A Manchester synagogue which owes £10,000 to a burial board has been urged to sell its building.
Higher Crumpsall and Higher Broughton Hebrew Congregation in north Manchester has been unable to maintain payments to the Rainsough Joint Hebrew Burial Board and has not kept burial fees paid by members in a separate account.
The synagogue, built in 1928, is supposed to pay one third of the £30,000 annual running costs of the board, which deals with the maintenance of Rainsough Cemetery in Prestwich, and now owes it more than £10,000.
Brian White, who set up the Rainsough Charitable Trust four years ago to raise money for cemetery improvements, has accused Higher Crumpsall of spending its members' burial fees, and claims the only solution is to sell the building.
Accounts distributed to members show that the synagogue owes £25,000 to creditors, and has only £2 in its current account.
The accounts also show that members' subscriptions is spent on wages, bills and repairs, but do not indicate a separate holding for the burial fees.
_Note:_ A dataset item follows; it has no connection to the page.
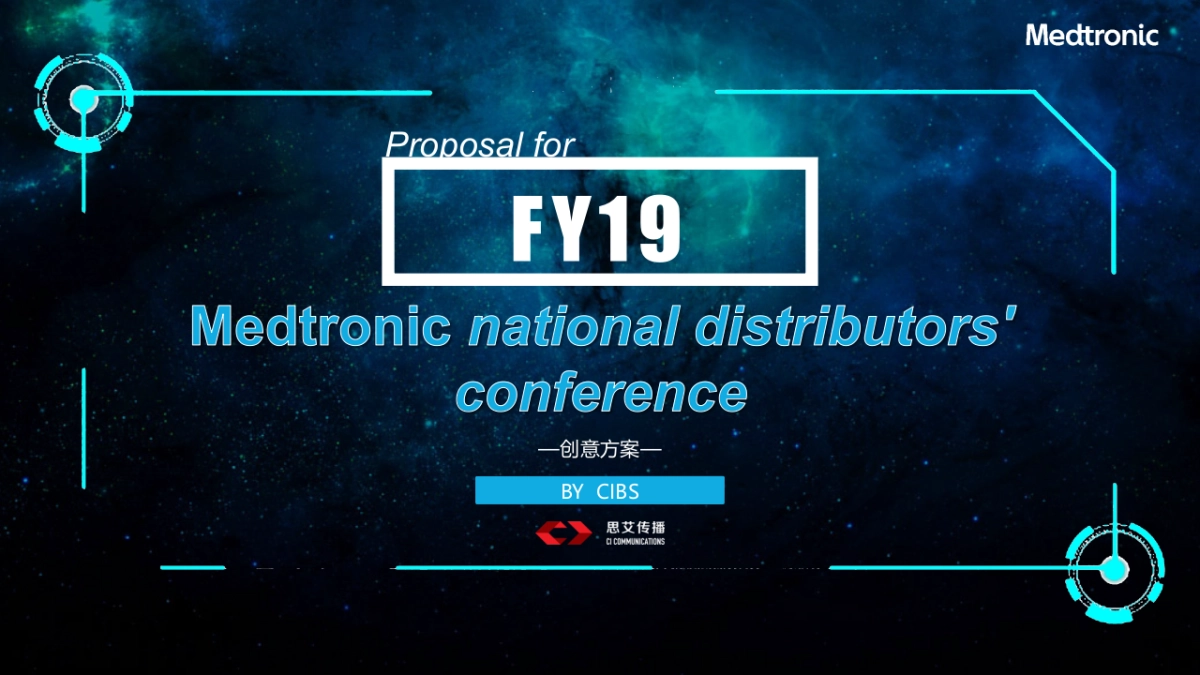 美敦力全国经销商大会活动方案_第1页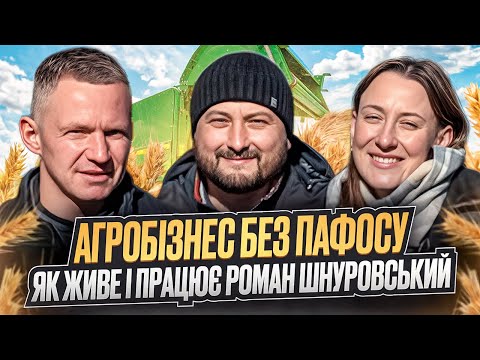 Видео: Агробізнес по-родинному: як сім'я Шнуровських будує “Золоту Ниву” та веде блог із полів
Mr White said: "Higher Crumpsall has deteriorated both physically and in terms of its membership. There are 170 members who have paid membership for 50 years and there isn't a penny to pay for their burials or funerals, and that's a tragedy.
"The shul has never had separate accounts or funds for burials. It's used all its funds by paying staff and repairs and there is nothing left. There has been gross mismanagement."
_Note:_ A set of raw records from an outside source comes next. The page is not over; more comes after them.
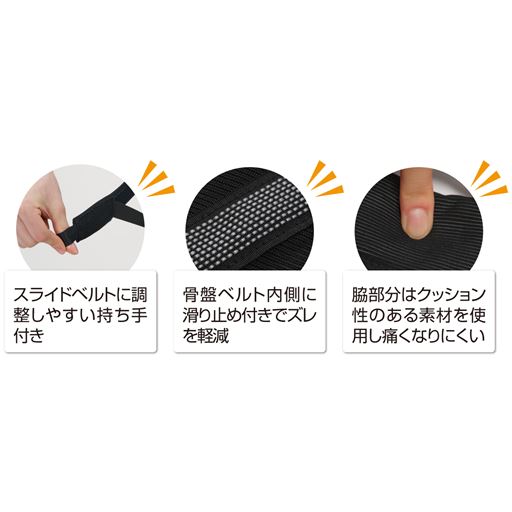 ・スライドベルトは調整しやすい持ち手付き。・骨盤まわりのベルトは内側に滑り止め付きでズレを軽減。・脇部分にはクッション性のある素材を使用しています。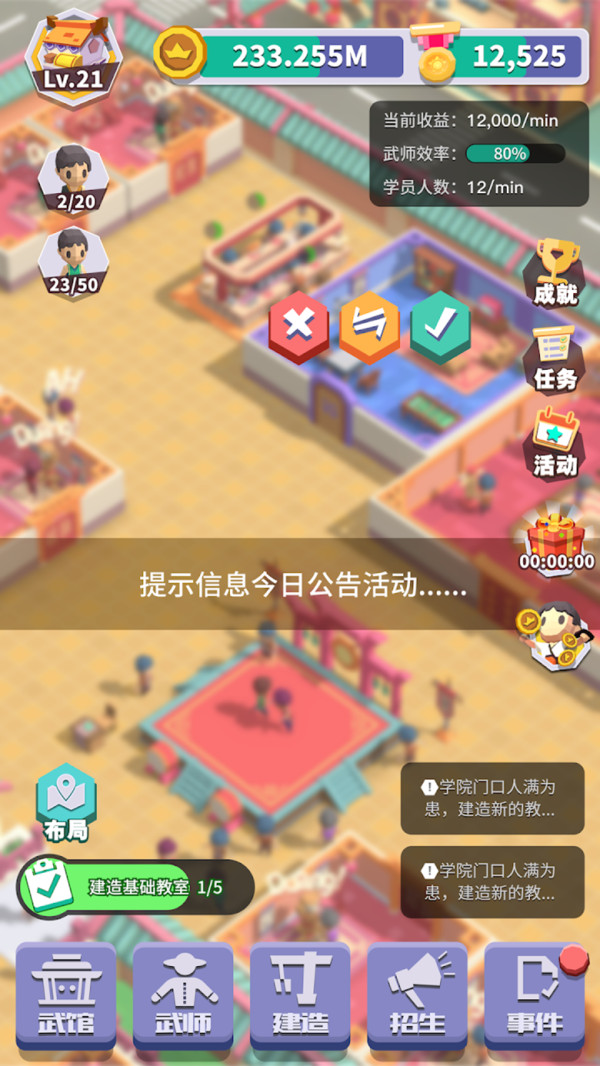 光明顶武院-插图1 光明顶武院-插图1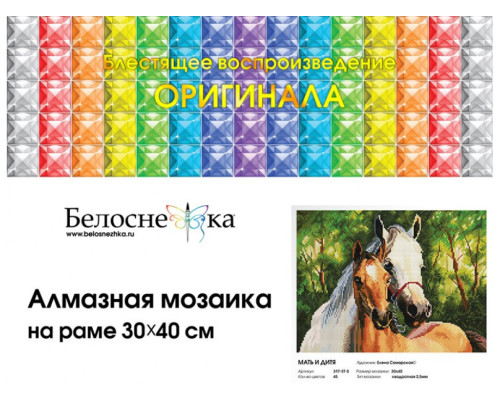 Алмазная мозаика на подрамнике "Мать и дитя"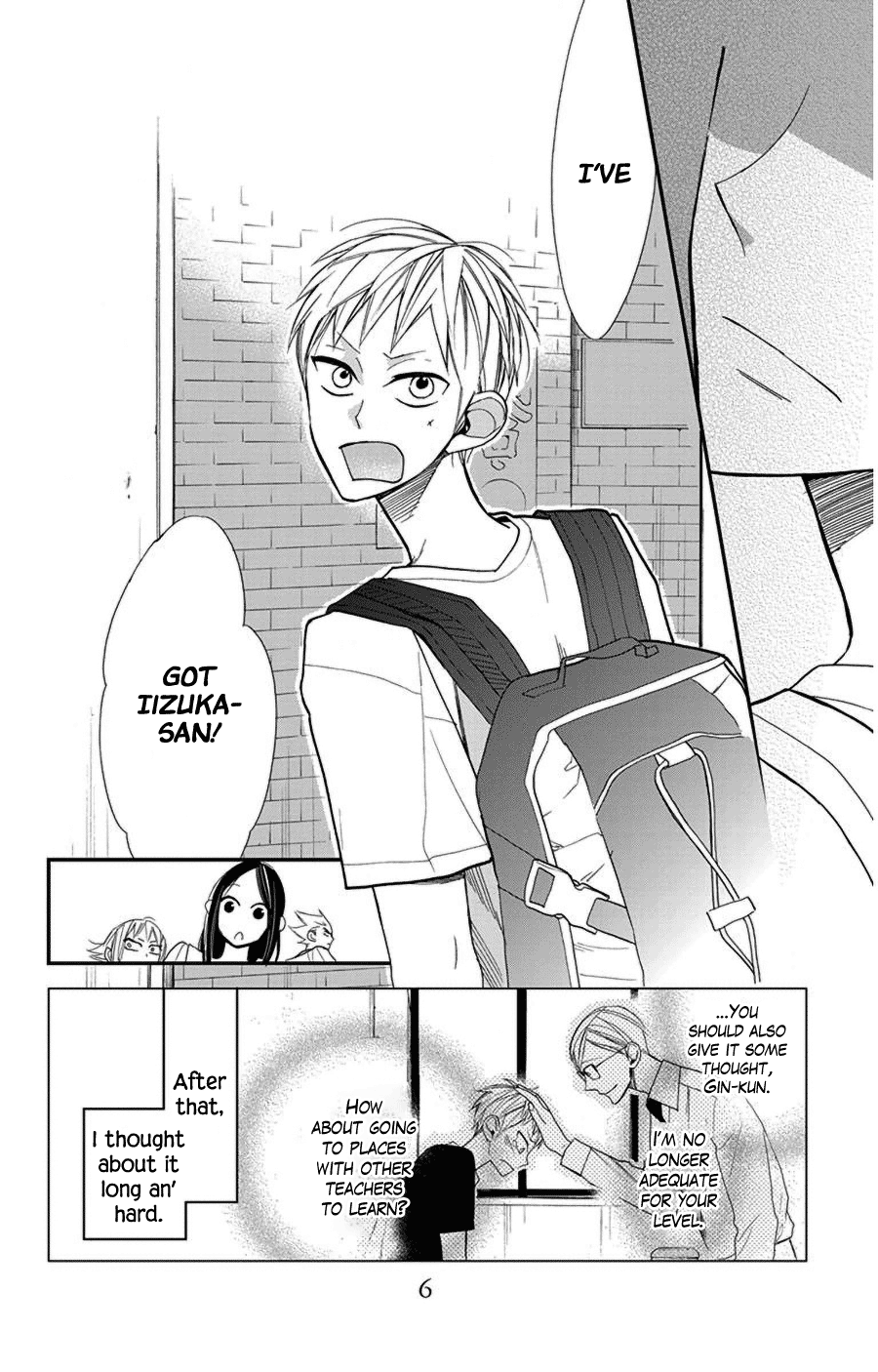 Hoshizora no Karasu Chapter 41 - Page 7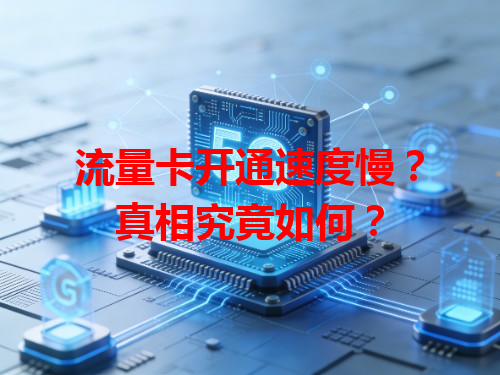流量卡开通速度慢？真相究竟如何？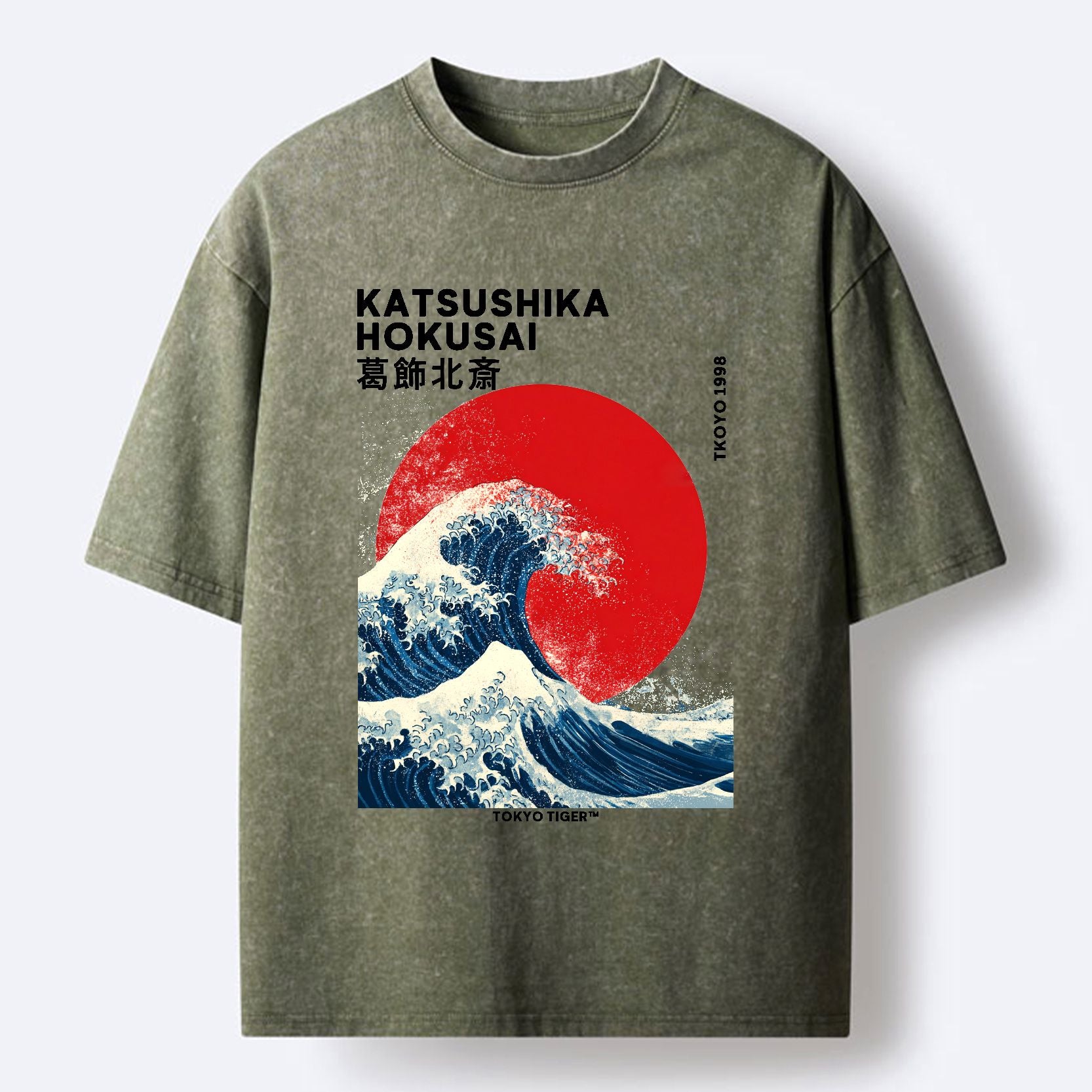 Kyoto-Lion The Great Wave And Sun Washed T-Shirt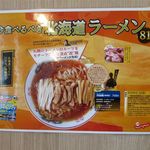 RAMEN RS 改 - 限定メニュー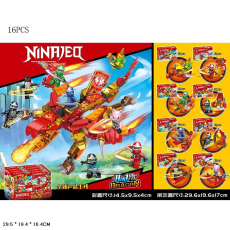 Конструктор арт. 66086 (480шт/2) 8 видів,16шт у дисплеї 29,5*19,4*16,4см(КІ)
Rabbi Yehuda Brodie, administrator of the Kashrut Authority, which is a partner in the burial board, said: "There is declining membership but the shul still has the same responsibilities, and that's the main reason there is a poor record of payments.
"We are exerting as much pressure as we can. The last method we used was by threatening not to allow a monument to be erected."
Eileen Somers, administrator at Higher Crumpsall, said: "We did have a financial crisis and got behind with payments. But it's under control. We had withheld payments because Rainsough is waterlogged.
"The accounts have not been signed off because they are not completed. We have found there is money owing to us from the Inland Revenue and once that is in, we will pay. When I come to pay for funerals, the money is there."
But Mr White said: "The only solution is to sell the building and put the money into a separate burial fund or tell the members they have to pay their burial fees again - but most are not in a position to do so."
Selling the building has its own issues. The synagogue has received £296,000 in repair grants from the Heritage Lottery Fund since 2004 and would have to pay back the grant if the building is sold.